Material handling is the short-distance movement of materials and products throughout the manufacturing, storage or warehousing, distribution, consumption, and disposal process. It involves a complex and precise set of systems working together to protect, store, and control materials and products. Every industry employs some form of material handling, from aerospace to ecommerce.
Companies executing the movement of goods deal with a particular set of handling costs, safety concerns, efficiency measures, and equipment needs. This guide will explore the definitions of material handling, types of material handling equipment, and basic principles to give you the resources you need to run your business smoothly.
Material Handling Equipment Types
There are four types of equipment that work together to complete every material handling activity, from hosting goods in a long-term storage facility to hoisting materials meters in the sky:
1. Bulk handling equipment
Equipment used for the transport, storage, and control of materials in bulk form is called bulk handling equipment. Bulk form typically refers to loose bulk form, such as dry materials like sand, gravel, or salt. The most common types of bulk handling equipment include:
Hoppers: Large, metal, funnel-like equipment used to store material and put it into containers.

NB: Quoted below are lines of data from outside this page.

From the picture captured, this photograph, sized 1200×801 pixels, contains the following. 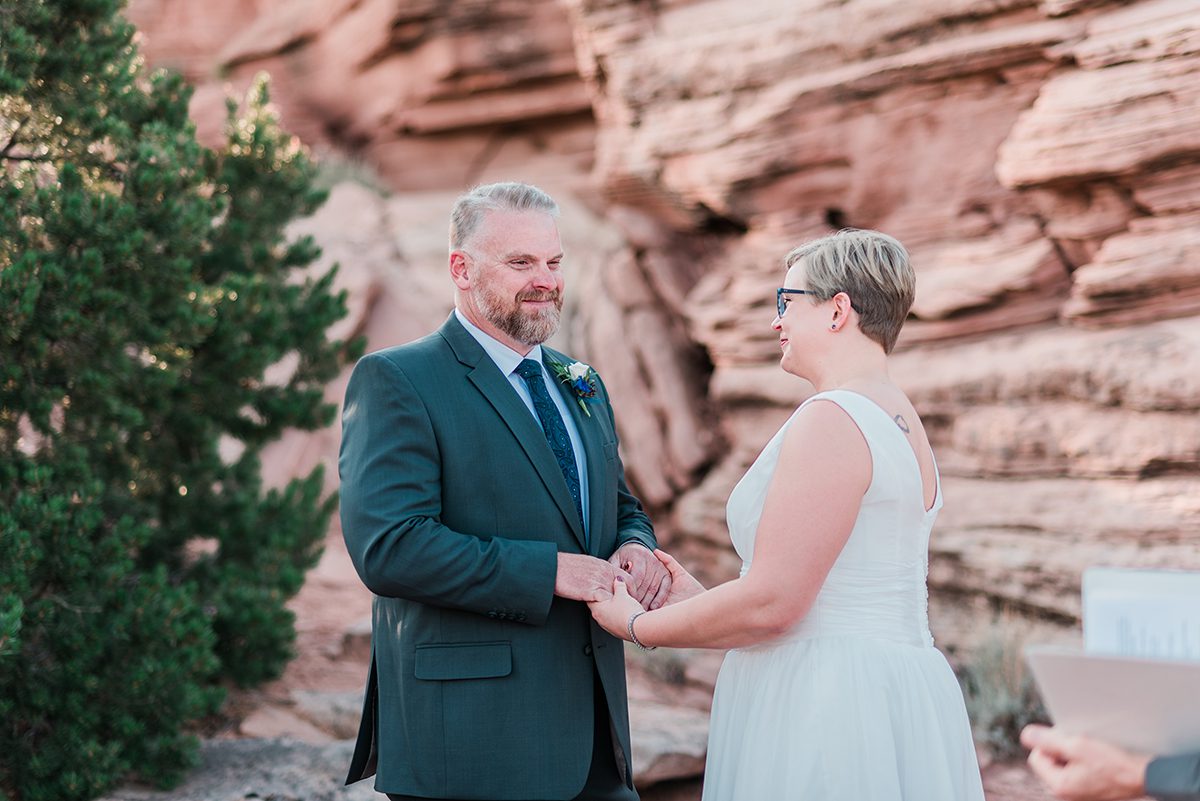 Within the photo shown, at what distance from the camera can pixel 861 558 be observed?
2750mm

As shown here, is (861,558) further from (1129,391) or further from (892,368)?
(892,368)

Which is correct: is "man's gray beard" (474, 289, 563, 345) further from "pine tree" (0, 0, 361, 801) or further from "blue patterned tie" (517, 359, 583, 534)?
"pine tree" (0, 0, 361, 801)

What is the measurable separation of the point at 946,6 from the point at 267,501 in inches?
221

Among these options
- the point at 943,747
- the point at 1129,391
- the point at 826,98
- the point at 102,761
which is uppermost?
the point at 826,98

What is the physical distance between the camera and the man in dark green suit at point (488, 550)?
2.91 m

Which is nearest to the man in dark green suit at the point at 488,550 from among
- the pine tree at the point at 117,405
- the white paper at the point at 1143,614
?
the white paper at the point at 1143,614

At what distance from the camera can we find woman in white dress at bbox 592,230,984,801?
8.62ft

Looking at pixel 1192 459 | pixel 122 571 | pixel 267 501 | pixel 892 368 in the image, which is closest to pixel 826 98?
pixel 892 368

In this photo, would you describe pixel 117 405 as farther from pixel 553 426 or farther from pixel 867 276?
pixel 867 276

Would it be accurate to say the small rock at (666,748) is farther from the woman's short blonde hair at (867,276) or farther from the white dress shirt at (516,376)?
the woman's short blonde hair at (867,276)

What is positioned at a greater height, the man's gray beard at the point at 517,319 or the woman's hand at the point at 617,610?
the man's gray beard at the point at 517,319

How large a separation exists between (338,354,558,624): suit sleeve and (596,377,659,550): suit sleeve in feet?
1.66

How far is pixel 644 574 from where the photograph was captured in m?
3.21

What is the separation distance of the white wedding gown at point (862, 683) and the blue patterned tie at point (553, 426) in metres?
0.54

Stackers and reclaimers: Machines used to pick up or dump raw materials into piles
Conveyor belts: Parts of a conveyor system used to move materials between locations
Elevators: Bucket and grain elevators, or grain legs, move and store bulk materials vertically
2. Industrial trucks
Industrial trucks are vehicles that transport materials, ranging in size and type. Categorized as stacking or non-stacking, industrial trucks can also be automated or hand-operated, so they sometimes fall under the umbrella of engineered systems. The main industrial trucks companies employ are:
Hand trucks or dollies
Lift trucks, including forklifts
3. Storage and handling equipment
Like their title, any equipment used for the safe storage and organization of materials is considered storage equipment. Storage equipment can be used long-term or short-term. It’s usually stationary and manual, not automated, but may be used in conjunction with automated systems. Storage includes:
Drawers, bins, and shelving: Used for a range of storage space needs
Mezzanines: Raised indoor platforms expand available space with vertical storage areas
Racks: Cantilever, flow, sliding, drive-in, drive-through, and push-back racks are all commonly used for storage in between receiving and distributing materials
4. Engineered material handling systems
Engineered systems are complicated automated equipment systems used to help transport and store bulk materials. These systems incorporate multiple pieces of equipment and minimize manual labor, making them a popular choice. You’ll likely interact with automated systems like:
Automated storage and retrieval systems (AS/RS)
Automated guided vehicles (AGVs)
Robotic delivery systems
Principles of Material Handling
Because of the complexity and accuracy required in material handling, companies use ten well-known principles in their material handling processes.
You want to keep operating costs low – and the proper material handling processes can help you do so. But poor planning and management can cost you. Employees and leadership at your company should know and execute on the following principles to promote efficiency and safety:
Planning: Every handling operation is defined by a deliberate plan outlining needs, objectives, technologies, and functional specifications.
Standardization: All methods, equipment, controls, and software are standardized within limits.
Work: Material handling processes are simplified to eliminate unnecessary movement without losing productivity.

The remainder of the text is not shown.